Publishing can better support the field of TCIM by also adopting open science and meta-research practices. These approaches are not limited to just researchers and their research; publishers can—and, in my view, should—play a crucial role in their implementation and promotion.

Open access publishing is essential for making research findings widely accessible. Open access journals promote transparency and inclusivity by ensuring that research is freely available, which aligns well with the patient-centered and holistic approach of TCIM. This accessibility benefits patients, healthcare providers, and the broader scientific community, who may not have the means to afford research held behind a subscription paywall.

However, the open access model also has its challenges, such as the risk of low-quality journals that inadequately vet the contents of manuscript submissions and exploit the model for financial gain by charging high article processing fees.

More generally speaking, open access comprises a small portion of open science. I recently conducted an audit of open science practices among TCIM journals; our findings would suggest that TCIM journals provide minimal guidelines to encourage or require authors to adhere to open science practices and there is an opportunity to improve the use of open science practices in the field.

Moreover, peer review and journal editorial practices are critical for maintaining the quality and integrity of research publications. Meta-research can evaluate and improve the effectiveness and reliability of peer review processes and editorial practices in TCIM journals. This involves examining the transparency of peer review procedures, the expertise of reviewers, and the consistency of editorial decision-making. Identifying and addressing potential biases, conflicts of interest, and inefficiencies in these areas can enhance the robustness and credibility of TCIM research publications.

By promoting transparency, accountability, and high standards in peer review and editorial practices, publishers can help uphold research rigour and foster greater trust in TCIM research dissemination. Implementing open science practices, such as study registration, adherence to reporting guidelines, data sharing, and preprinting, further supports these goals by improving research quality and increasing public trust.

Emerging fields and topics in of traditional, complementary, and integrative that we should keep an eye out on?

While not directly related to TCIM itself, over recent years one field that the world has seen to be leading in innovation is artificial intelligence (AI). Like any other medical field, it is inevitable that AI is going to have large impacts on the field of TCIM, and its convergence represents a promising frontier in healthcare. AI technologies have the potential to enhance TCIM by facilitating data-driven decision-making and personalized treatment plans. This alignment can potentially improve patient outcomes, enhance care quality, and promote holistic wellness.

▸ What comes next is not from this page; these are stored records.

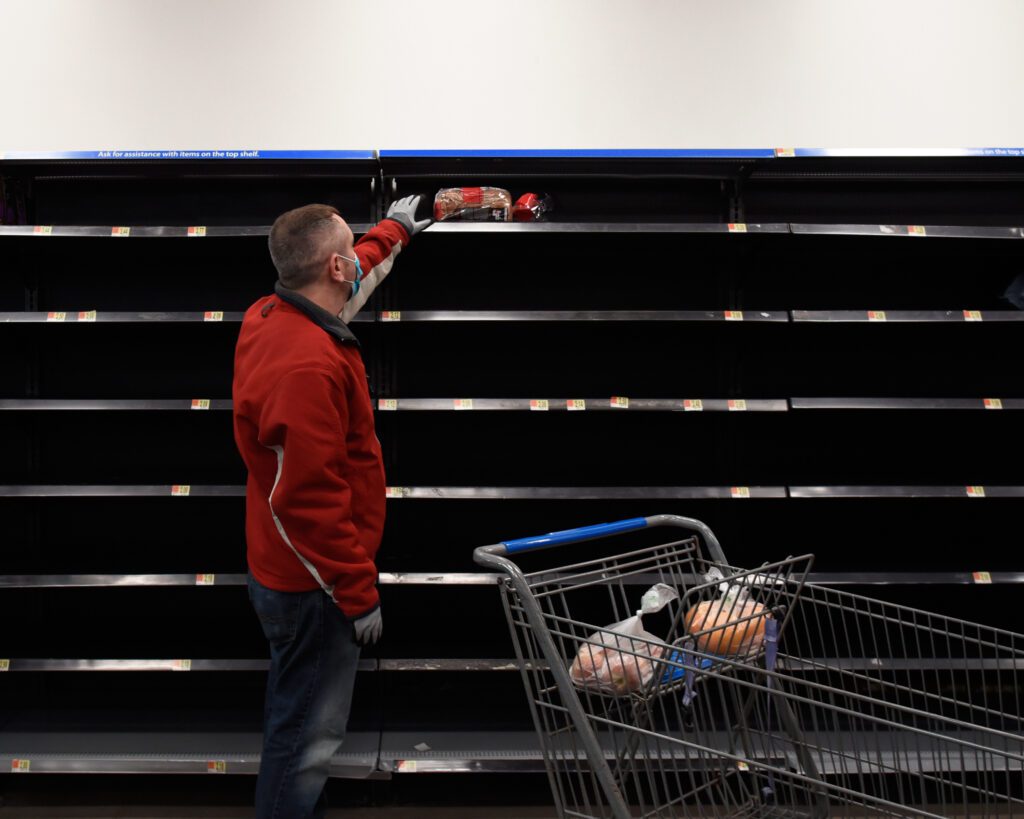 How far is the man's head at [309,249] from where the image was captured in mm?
1963

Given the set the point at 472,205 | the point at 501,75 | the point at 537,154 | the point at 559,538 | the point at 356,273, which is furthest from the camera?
the point at 501,75

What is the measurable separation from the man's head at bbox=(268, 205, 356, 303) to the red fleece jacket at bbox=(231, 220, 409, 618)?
2.6 inches

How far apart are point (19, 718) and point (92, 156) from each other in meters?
2.08

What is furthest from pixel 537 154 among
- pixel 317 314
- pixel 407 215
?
pixel 317 314

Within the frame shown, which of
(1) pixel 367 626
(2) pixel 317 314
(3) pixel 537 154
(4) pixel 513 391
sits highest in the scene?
(3) pixel 537 154

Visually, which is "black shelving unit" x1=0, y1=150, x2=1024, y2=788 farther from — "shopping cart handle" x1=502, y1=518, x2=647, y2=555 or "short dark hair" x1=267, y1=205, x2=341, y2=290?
"shopping cart handle" x1=502, y1=518, x2=647, y2=555

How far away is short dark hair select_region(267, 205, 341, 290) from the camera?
1.96 meters

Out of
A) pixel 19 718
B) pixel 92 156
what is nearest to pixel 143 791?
pixel 19 718

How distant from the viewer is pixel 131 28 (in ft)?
11.5

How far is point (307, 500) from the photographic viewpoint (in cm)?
177

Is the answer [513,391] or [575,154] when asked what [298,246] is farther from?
[513,391]

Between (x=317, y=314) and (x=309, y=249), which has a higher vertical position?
(x=309, y=249)

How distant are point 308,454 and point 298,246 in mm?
547

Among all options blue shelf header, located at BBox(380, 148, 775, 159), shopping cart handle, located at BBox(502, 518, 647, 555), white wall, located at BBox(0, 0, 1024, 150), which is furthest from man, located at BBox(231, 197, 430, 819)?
white wall, located at BBox(0, 0, 1024, 150) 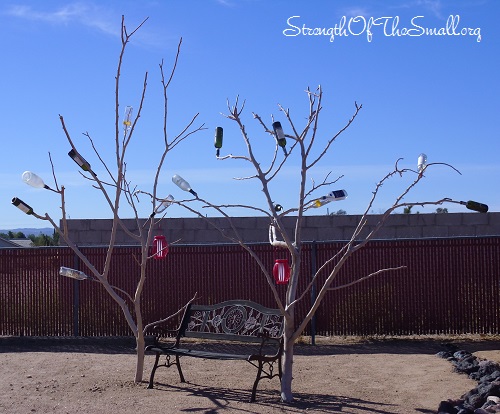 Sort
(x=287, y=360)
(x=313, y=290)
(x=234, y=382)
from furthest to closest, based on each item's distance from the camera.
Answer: (x=313, y=290) → (x=234, y=382) → (x=287, y=360)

AI has already been proposed to augment TCIM in several ways. Such as potentially assisting in early disease detection, potentially providing personalized treatment plans, predicting health trends, and enhancing patient engagement. We are already beginning to see some of this come to fruition in real time. For instance, AI algorithms have the potential to analyze vast amounts of data from various sources, identifying patterns and insights that might not be apparent through traditional methods. This has the potential to lead to more accurate diagnoses and more effective, individualized treatment strategies.

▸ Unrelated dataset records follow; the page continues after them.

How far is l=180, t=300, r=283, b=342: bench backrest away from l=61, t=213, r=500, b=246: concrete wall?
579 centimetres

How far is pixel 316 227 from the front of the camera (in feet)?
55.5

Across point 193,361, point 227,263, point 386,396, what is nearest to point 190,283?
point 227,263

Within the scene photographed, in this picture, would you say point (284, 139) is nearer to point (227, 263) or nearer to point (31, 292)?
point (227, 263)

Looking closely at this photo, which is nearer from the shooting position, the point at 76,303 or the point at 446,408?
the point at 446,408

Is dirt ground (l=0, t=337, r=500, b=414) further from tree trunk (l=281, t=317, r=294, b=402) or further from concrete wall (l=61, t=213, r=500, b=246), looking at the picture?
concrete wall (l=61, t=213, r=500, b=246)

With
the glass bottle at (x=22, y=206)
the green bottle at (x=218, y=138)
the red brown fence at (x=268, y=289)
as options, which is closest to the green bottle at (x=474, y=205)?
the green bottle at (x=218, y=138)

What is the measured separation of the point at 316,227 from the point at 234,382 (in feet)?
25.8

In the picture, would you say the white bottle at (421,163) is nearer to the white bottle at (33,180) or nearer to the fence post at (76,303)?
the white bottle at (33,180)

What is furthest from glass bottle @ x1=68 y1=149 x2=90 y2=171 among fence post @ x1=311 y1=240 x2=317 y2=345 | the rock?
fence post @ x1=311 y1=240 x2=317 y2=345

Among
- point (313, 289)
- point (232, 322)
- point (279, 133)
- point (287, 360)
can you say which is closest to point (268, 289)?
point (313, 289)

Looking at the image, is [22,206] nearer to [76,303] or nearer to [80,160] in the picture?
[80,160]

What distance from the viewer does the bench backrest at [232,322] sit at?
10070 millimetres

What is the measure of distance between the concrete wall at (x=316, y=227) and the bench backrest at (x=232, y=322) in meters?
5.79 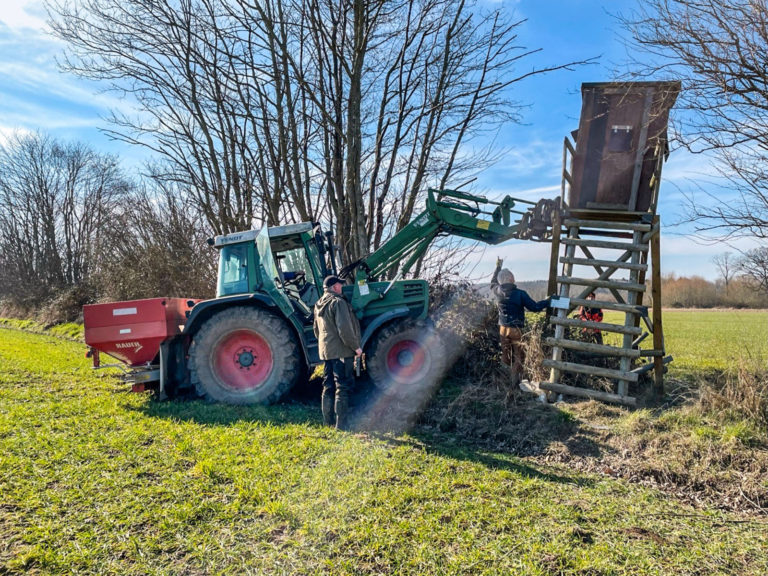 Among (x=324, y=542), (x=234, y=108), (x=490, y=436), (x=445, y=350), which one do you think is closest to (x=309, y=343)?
→ (x=445, y=350)

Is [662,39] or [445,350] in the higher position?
[662,39]

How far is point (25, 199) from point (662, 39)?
42513 millimetres

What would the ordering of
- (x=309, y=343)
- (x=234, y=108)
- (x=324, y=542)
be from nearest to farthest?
1. (x=324, y=542)
2. (x=309, y=343)
3. (x=234, y=108)

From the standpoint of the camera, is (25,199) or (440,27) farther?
(25,199)

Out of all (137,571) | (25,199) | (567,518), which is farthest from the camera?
(25,199)

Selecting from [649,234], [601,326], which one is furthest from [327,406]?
[649,234]

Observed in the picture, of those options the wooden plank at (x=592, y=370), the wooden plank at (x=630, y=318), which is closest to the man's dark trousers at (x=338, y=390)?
the wooden plank at (x=592, y=370)

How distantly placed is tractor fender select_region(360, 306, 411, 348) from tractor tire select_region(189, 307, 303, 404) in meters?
1.04

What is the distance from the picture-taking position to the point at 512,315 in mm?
6957

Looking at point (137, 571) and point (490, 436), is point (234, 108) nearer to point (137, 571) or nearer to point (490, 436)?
point (490, 436)

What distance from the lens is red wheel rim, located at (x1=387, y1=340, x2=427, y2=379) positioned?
6.82 m

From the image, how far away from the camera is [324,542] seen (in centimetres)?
324

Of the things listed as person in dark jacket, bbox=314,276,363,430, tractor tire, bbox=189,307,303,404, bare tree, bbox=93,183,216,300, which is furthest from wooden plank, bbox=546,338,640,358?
bare tree, bbox=93,183,216,300

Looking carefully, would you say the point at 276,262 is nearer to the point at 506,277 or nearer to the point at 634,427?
the point at 506,277
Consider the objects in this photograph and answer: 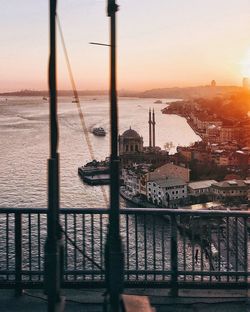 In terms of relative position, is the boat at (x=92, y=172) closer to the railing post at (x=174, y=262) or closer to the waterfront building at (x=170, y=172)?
the waterfront building at (x=170, y=172)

All things considered, I remain cautious about the integration of AI into TCIM as it also presents several challenges. Ensuring data privacy and security is paramount, as is navigating the complex regulatory landscape surrounding AI in healthcare. Especially pertinent to many TCIM practitioners, maintaining the human touch in patient-provider relationships is crucial, and I think many would argue that AI should complement rather than replace the personal interactions that are central to TCIM modalities. Additionally, mitigating bias in AI algorithms is essential to ensure fair and equitable treatment for all patients. Addressing the associated challenges and fostering collaboration between AI experts, TCIM practitioners, and policymakers will be vital to harnessing the full potential of this intersection of fields.